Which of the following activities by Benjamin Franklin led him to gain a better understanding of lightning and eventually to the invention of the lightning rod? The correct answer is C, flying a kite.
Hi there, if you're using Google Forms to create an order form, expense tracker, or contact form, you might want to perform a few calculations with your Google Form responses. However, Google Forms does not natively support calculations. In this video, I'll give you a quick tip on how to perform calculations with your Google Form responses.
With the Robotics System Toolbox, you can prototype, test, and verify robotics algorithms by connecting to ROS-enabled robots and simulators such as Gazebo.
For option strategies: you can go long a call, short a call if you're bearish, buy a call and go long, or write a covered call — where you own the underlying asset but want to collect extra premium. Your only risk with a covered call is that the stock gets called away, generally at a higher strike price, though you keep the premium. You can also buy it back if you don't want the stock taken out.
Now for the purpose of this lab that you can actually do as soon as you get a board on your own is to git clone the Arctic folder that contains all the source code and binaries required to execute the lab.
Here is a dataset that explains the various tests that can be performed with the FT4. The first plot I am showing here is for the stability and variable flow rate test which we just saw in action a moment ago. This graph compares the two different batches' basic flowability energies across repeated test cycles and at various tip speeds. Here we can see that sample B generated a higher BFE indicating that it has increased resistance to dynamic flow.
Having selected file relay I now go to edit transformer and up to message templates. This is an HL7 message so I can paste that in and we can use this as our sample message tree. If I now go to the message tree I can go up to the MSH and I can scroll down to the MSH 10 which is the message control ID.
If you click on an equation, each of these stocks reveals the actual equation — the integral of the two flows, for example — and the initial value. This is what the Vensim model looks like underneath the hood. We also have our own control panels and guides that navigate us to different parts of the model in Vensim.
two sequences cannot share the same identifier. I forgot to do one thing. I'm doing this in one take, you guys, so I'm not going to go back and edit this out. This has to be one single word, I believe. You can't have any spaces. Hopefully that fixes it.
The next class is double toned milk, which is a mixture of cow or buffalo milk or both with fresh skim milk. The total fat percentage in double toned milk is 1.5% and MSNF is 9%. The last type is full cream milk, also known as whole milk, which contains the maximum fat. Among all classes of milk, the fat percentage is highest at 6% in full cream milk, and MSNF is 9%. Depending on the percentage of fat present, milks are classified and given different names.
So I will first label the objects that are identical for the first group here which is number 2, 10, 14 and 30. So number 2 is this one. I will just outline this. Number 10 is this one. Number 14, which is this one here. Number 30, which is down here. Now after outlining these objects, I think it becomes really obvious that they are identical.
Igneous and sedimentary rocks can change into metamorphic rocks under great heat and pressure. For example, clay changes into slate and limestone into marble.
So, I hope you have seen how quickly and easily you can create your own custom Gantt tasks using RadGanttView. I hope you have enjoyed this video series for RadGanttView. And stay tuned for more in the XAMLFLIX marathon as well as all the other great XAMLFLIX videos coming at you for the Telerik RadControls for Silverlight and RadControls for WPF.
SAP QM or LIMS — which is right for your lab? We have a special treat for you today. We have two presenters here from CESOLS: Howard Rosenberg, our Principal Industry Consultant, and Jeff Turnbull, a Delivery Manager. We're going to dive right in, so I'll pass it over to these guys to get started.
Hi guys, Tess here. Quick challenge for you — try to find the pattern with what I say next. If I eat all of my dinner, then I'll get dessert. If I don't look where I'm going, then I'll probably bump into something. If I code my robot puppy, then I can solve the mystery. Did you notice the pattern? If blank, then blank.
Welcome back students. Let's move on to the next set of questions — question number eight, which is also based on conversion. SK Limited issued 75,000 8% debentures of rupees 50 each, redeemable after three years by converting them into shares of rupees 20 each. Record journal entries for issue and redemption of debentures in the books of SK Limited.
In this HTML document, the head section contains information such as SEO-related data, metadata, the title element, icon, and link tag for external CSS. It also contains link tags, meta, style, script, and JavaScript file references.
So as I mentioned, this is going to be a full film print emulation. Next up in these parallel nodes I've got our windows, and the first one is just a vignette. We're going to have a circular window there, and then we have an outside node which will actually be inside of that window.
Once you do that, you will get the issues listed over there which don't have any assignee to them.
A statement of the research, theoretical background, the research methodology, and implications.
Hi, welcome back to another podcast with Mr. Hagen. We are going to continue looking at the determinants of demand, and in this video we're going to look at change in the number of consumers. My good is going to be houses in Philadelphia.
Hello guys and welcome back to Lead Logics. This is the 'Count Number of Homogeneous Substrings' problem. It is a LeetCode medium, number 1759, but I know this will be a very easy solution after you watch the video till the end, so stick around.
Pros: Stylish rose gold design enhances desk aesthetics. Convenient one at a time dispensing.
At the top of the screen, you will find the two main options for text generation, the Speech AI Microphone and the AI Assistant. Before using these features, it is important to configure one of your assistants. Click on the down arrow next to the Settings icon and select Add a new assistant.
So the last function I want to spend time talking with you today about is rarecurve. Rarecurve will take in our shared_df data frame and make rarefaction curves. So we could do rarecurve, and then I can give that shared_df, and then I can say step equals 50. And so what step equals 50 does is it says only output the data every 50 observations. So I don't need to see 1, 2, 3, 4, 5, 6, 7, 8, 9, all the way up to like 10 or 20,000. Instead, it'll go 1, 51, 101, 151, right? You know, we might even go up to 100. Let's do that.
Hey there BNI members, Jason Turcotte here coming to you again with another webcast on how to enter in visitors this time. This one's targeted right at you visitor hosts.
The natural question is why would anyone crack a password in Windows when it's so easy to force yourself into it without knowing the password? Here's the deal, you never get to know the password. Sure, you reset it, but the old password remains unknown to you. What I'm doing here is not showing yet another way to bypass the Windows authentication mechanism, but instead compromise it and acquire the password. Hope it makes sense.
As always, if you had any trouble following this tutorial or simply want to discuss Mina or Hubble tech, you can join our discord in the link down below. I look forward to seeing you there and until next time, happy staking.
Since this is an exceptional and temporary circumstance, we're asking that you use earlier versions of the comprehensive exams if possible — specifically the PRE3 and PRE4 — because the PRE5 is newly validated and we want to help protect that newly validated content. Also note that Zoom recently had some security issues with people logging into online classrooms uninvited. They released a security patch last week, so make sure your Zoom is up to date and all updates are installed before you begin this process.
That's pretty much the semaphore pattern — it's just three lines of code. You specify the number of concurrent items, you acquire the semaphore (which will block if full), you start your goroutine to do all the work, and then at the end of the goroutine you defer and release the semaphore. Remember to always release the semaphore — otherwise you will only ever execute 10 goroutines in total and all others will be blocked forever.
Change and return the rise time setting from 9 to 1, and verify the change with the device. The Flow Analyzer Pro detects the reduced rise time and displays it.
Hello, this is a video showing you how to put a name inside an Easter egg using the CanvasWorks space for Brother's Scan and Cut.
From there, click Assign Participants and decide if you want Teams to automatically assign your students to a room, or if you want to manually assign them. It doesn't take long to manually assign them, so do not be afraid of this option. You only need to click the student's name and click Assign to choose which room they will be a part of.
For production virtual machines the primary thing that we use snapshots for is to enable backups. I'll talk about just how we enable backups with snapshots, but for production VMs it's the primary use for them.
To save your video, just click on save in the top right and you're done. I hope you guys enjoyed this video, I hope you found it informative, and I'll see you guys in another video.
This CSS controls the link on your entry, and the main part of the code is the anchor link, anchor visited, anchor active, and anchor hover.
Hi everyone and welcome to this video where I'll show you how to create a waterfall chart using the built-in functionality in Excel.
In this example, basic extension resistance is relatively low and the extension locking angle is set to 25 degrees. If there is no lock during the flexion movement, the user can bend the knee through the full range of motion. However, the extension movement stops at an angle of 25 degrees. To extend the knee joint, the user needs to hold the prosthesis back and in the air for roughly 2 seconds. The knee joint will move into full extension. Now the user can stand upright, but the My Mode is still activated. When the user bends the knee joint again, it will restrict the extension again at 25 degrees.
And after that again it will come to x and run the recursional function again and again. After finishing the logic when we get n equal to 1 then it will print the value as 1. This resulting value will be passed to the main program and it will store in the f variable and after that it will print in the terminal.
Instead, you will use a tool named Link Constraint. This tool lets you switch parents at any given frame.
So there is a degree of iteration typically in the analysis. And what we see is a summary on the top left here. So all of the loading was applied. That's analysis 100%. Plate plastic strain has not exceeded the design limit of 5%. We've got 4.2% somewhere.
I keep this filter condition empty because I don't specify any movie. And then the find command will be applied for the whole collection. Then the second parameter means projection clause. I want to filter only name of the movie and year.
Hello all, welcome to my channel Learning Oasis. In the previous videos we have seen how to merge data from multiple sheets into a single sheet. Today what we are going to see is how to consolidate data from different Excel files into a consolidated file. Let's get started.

-*-*-

Problem statement:
In the entries above, find the line holding "A statement of" and the line holding "Pros: Stylish rose"; print both of them and every line between, exactly, and nothing else.

Reply to the exercise:
A statement of the research, theoretical background, the research methodology, and implications.
Hi, welcome back to another podcast with Mr. Hagen. We are going to continue looking at the determinants of demand, and in this video we're going to look at change in the number of consumers. My good is going to be houses in Philadelphia.
Hello guys and welcome back to Lead Logics. This is the 'Count Number of Homogeneous Substrings' problem. It is a LeetCode medium, number 1759, but I know this will be a very easy solution after you watch the video till the end, so stick around.
Pros: Stylish rose gold design enhances desk aesthetics. Convenient one at a time dispensing.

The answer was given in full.